WORK ITEM. Exactly retype the lines from the top of the data through the line containing "Hello everyone. In", leaving out every picture.

[Collected data]
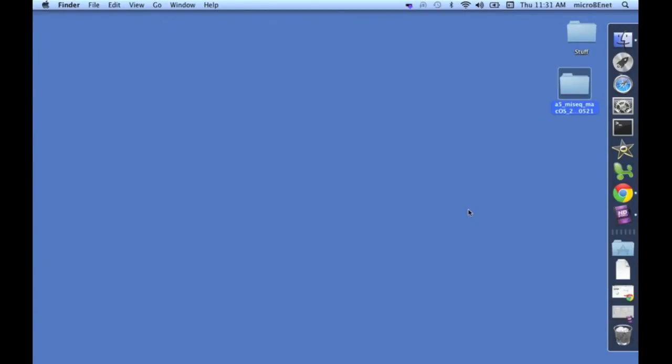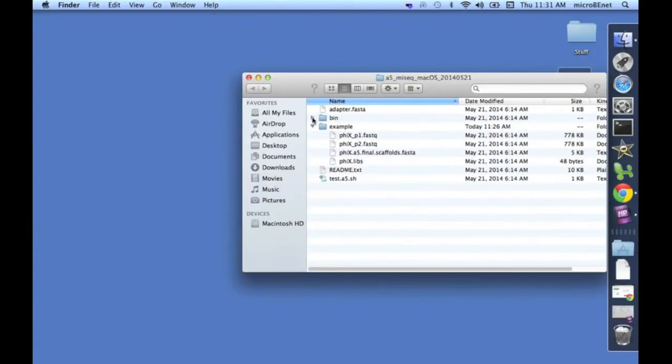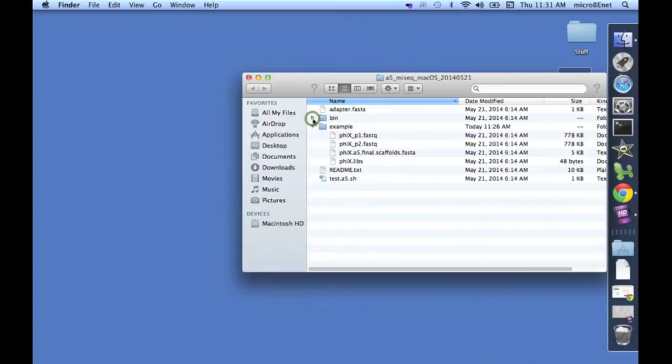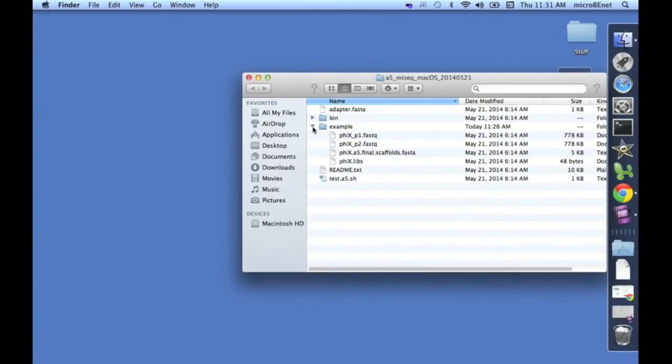First, let's take a look in the folder itself. Here in the bin folder are the programs that A5 uses to perform all the various steps required. And here in the example folder are some test reads from the Phi-X bacteriophage, and that's what we're going to use to make sure everything is running okay.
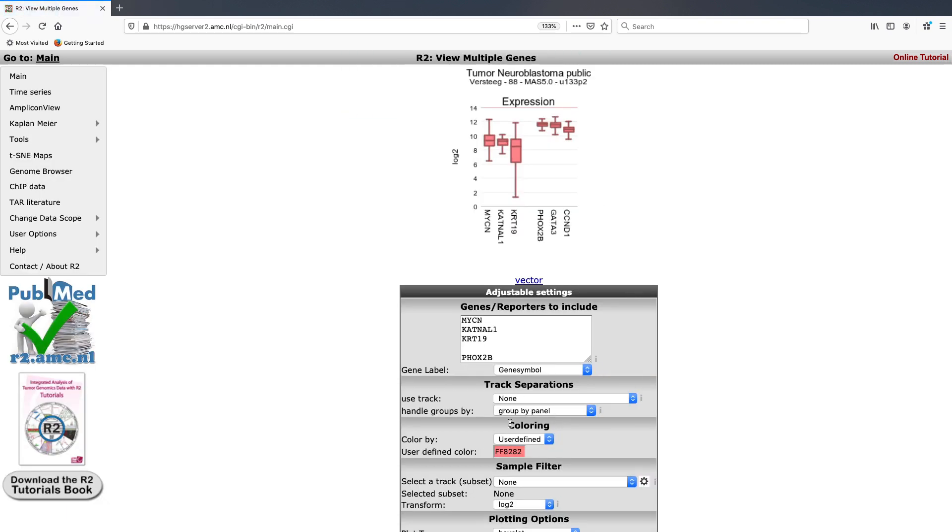Here we are presented with a basic box plot of the panel of genes that we wish to look at. They are currently displayed as log two expression values.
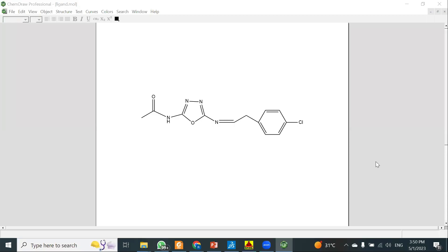Hello everyone. In the last video we saw how to prepare the protein, and in this video we will see how to prepare your ligand in order to perform molecular docking. There are several steps involved in ligand preparation.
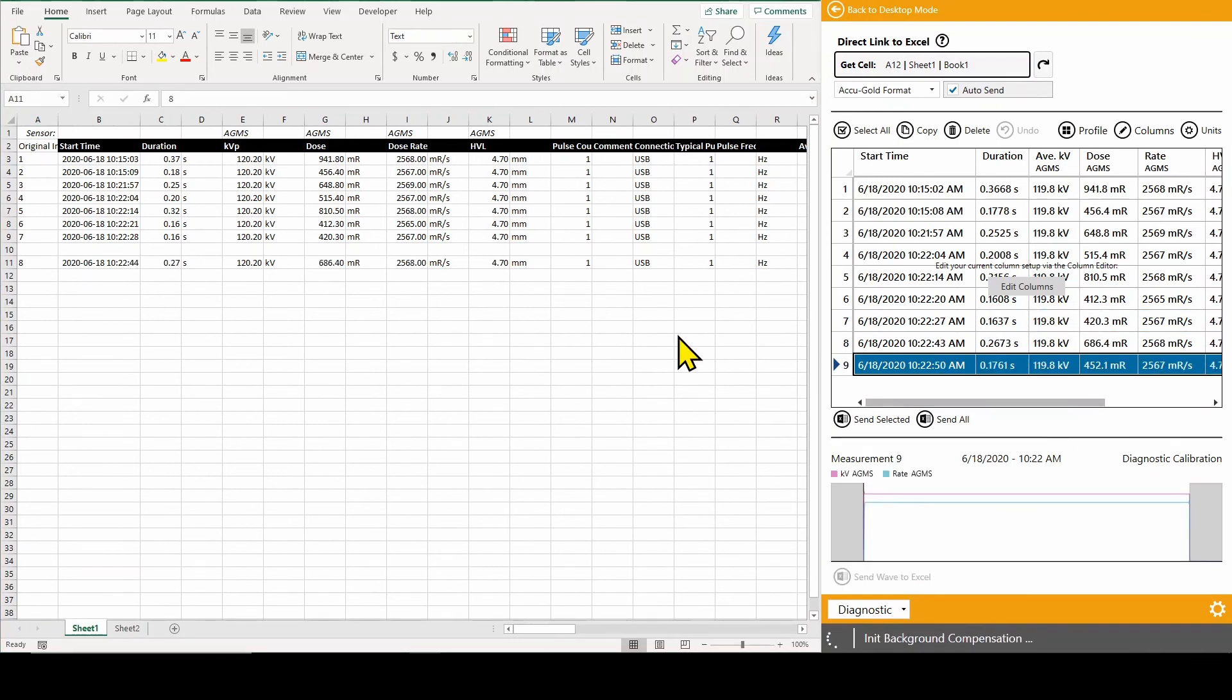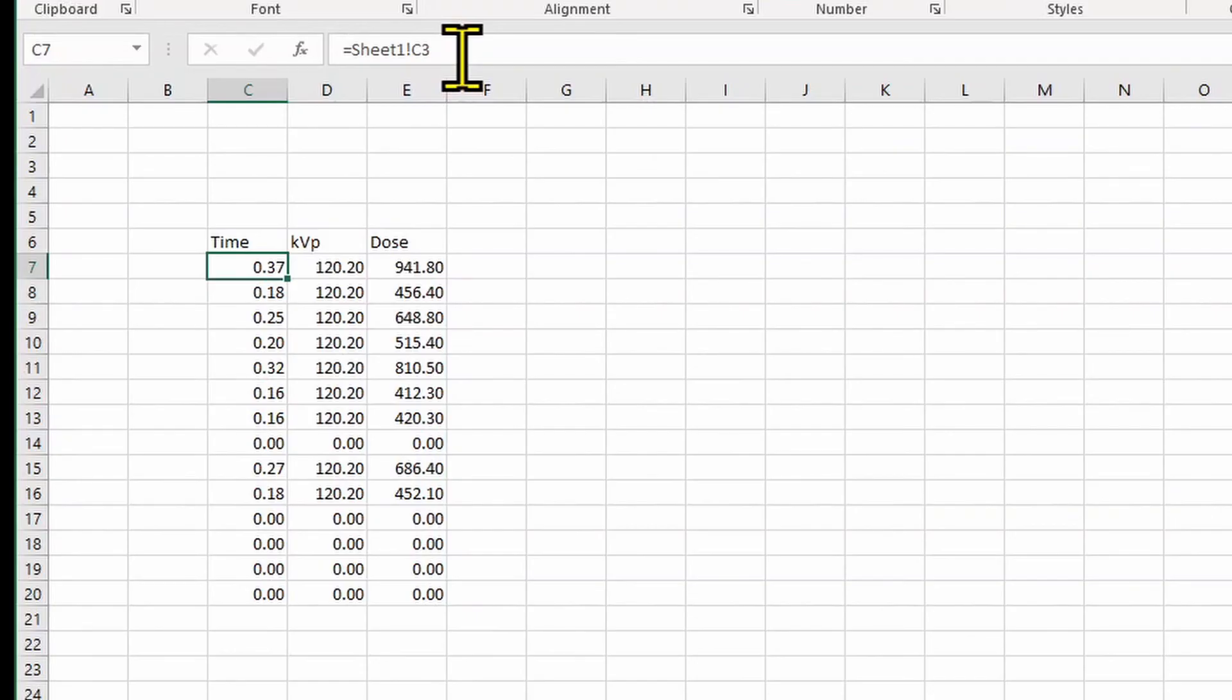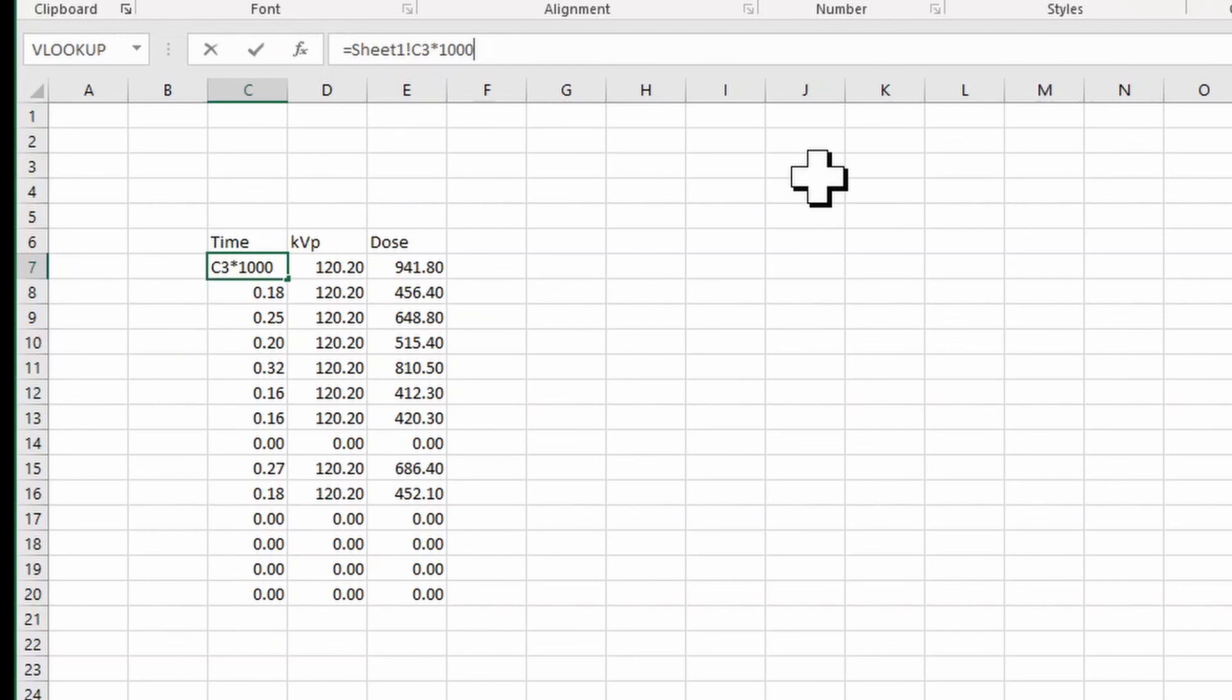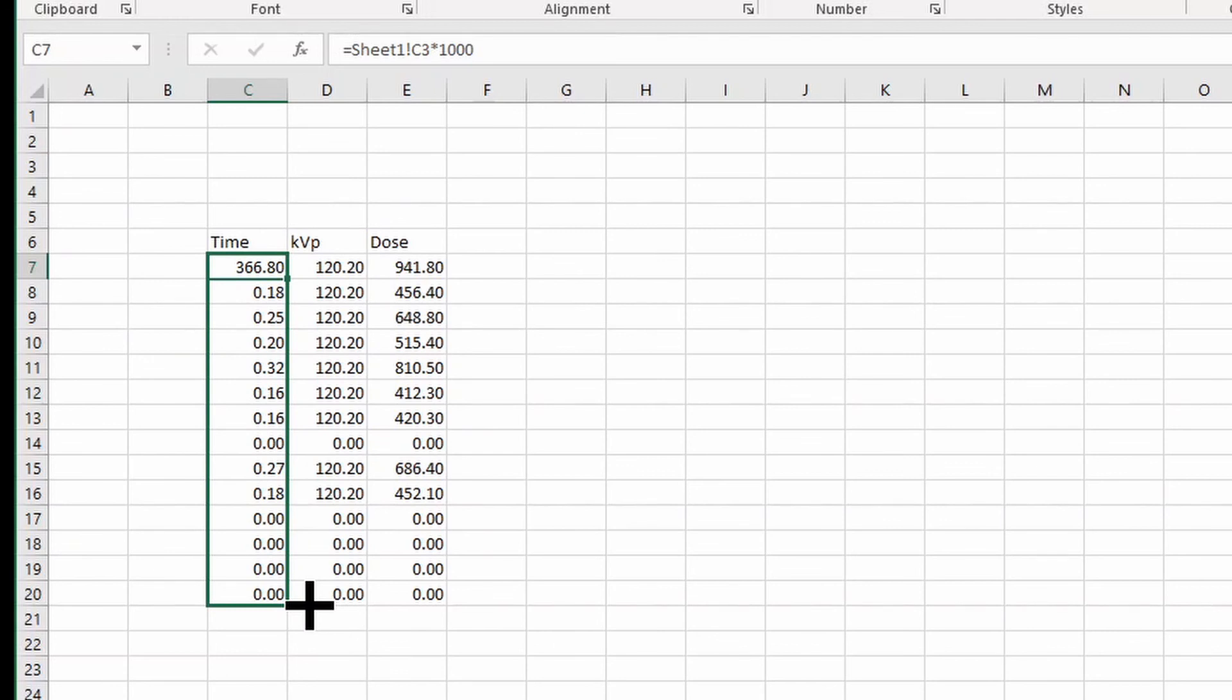By default, the software uses seconds as a time base. If you would like to use milliseconds, you can multiply the time output by 1000 using the formula bar. To do this, select the starting cell, then click on the formula bar and add asterisk 1000, then press enter. We can use the fill handle to apply the multiplier to the following time output cells.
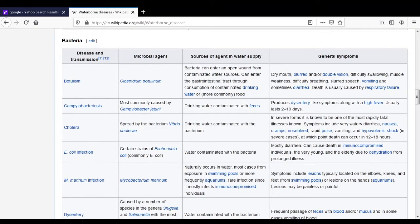Bacterial waterborne diseases are caused due to different types of bacteria. If these bacteria are present in water and we drink this contaminated water, we can suffer from different types of diseases. The first disease is botulism. The causative agent of botulism is Clostridium botulinum.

OUTPUT OF THE EXERCISE.
First, let's take a look in the folder itself. Here in the bin folder are the programs that A5 uses to perform all the various steps required. And here in the example folder are some test reads from the Phi-X bacteriophage, and that's what we're going to use to make sure everything is running okay.
Here we are presented with a basic box plot of the panel of genes that we wish to look at. They are currently displayed as log two expression values.
Hello everyone. In the last video we saw how to prepare the protein, and in this video we will see how to prepare your ligand in order to perform molecular docking. There are several steps involved in ligand preparation.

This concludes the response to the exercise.